Bob shares some of his thoughts about load weight.
“The amount of weight I can put on a pack mule depends on the shape he’s in. When the summer season starts, we don’t overload our animals. As the mules and horses get legged up from working on the trail every day, we can increase the weight of the loads. If a mule is difficult to get along with, we can increase his load and he’ll soon go along with no problems. As general rule, each pack mule carries 125 pounds. We pack our mules and ride our horses.”

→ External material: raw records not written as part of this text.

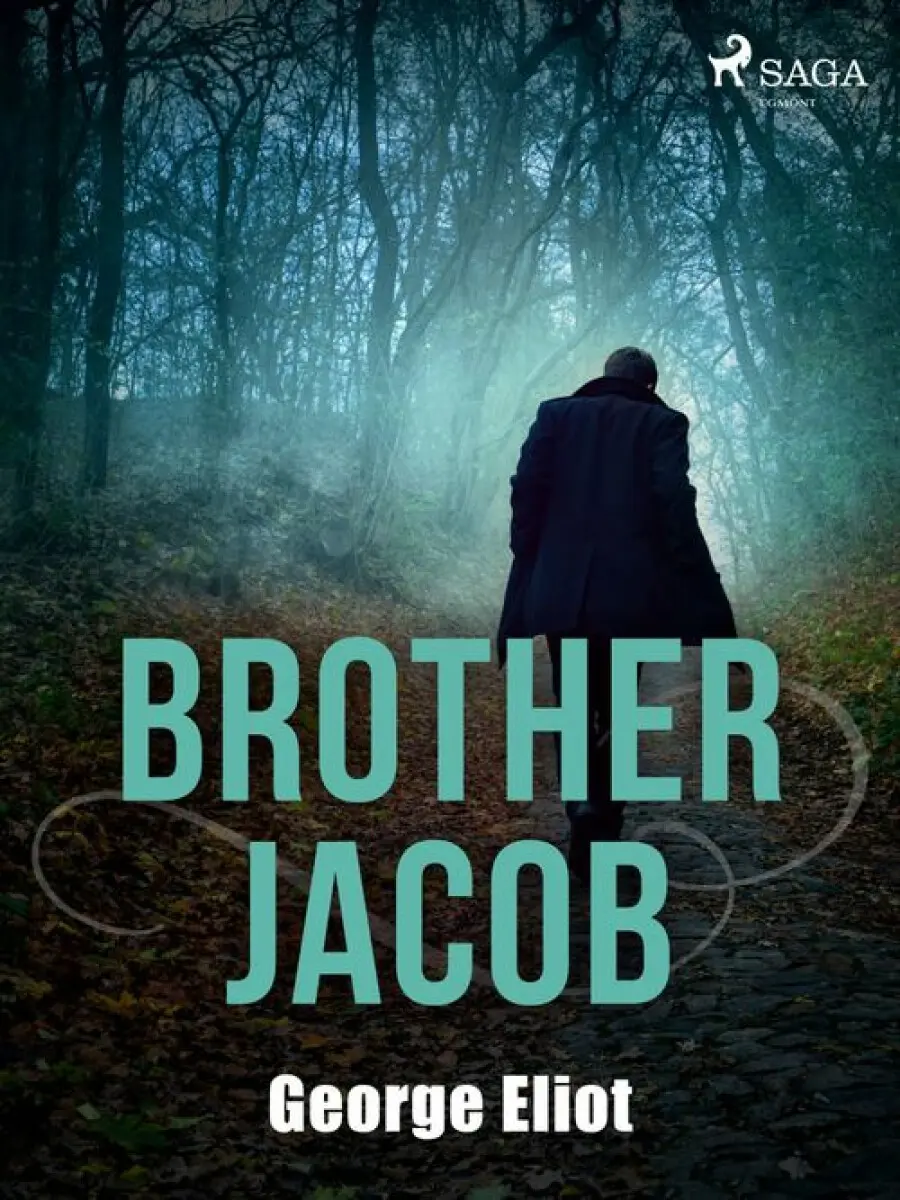 Brother Jacob - George Eliot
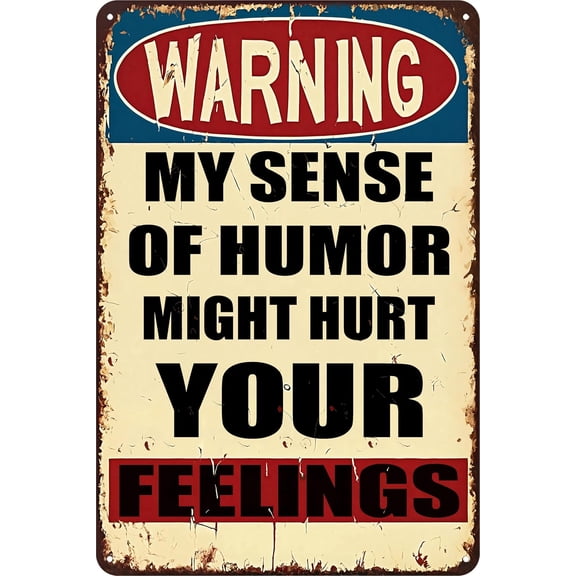Funny Sign Vintage Tin Metal Sign Retro Wall Art Warning My Sense of Humor Might Hurt Your Feelings for Study Entryway Living Room and Bar Great Gift for Friends 12x8 Inch (Warning 1)
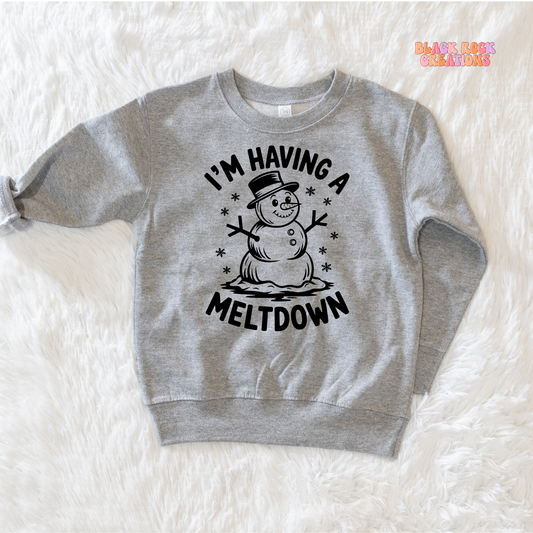 Im having a meltdown toddler sweatshirt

“I’ve used all types of pack gear through the years,” says Bob. “This Sierra country is sawbuck-packsaddle country. I use sawbuck packsaddles and ‘mantee’ (bundle) the loads, (which are) lashed down with a lash cinch. I also use packsaddles that have large leather pannier bags. These bags outlast the canvas-type bag and are larger. I have these special-made.”
Bishop Mule Days
Beginning in 1970, Bishop, California, has held a Mule Days gathering during Memorial Day weekend to present the world’s largest and best mule celebration. Bob played a big role in starting this event.
“During the summer of 1969, Leo Porterfield, a mule man, and I had a discussion at Red’s Meadow,” Bob says, “about mules and great memories of pack-station life. I said to Leo, ‘Wouldn’t it be great if more people could see what really goes on at a pack station?’ Leo agreed, saying there was beginning to be a lot of interest in mules around the country, with a number of outstanding mules having been raised.”
According to Bob, this meeting led to the formation of committee composed of eight mule men from the Bishop area.
The winter of 1969 – ’70 was a big snow year in the Sierras, with snow still on the high-country trails in August. The packing business was tough, and packers needed something positive to show their bankers. The mule committee decided to bring some of the pack-station hilarity, fine mules and the packing and shoeing skills of those who worked in the Sierras to town. At the time, no other event was scheduled in the Bishop area for Memorial Day weekend.
Bob and others solicited donations to help pay for trophies, ribbons, horseshoes and event posters from Bishop merchants. From this small start, Mule Days has since grown to become a premier annual event attended by people from all over the world.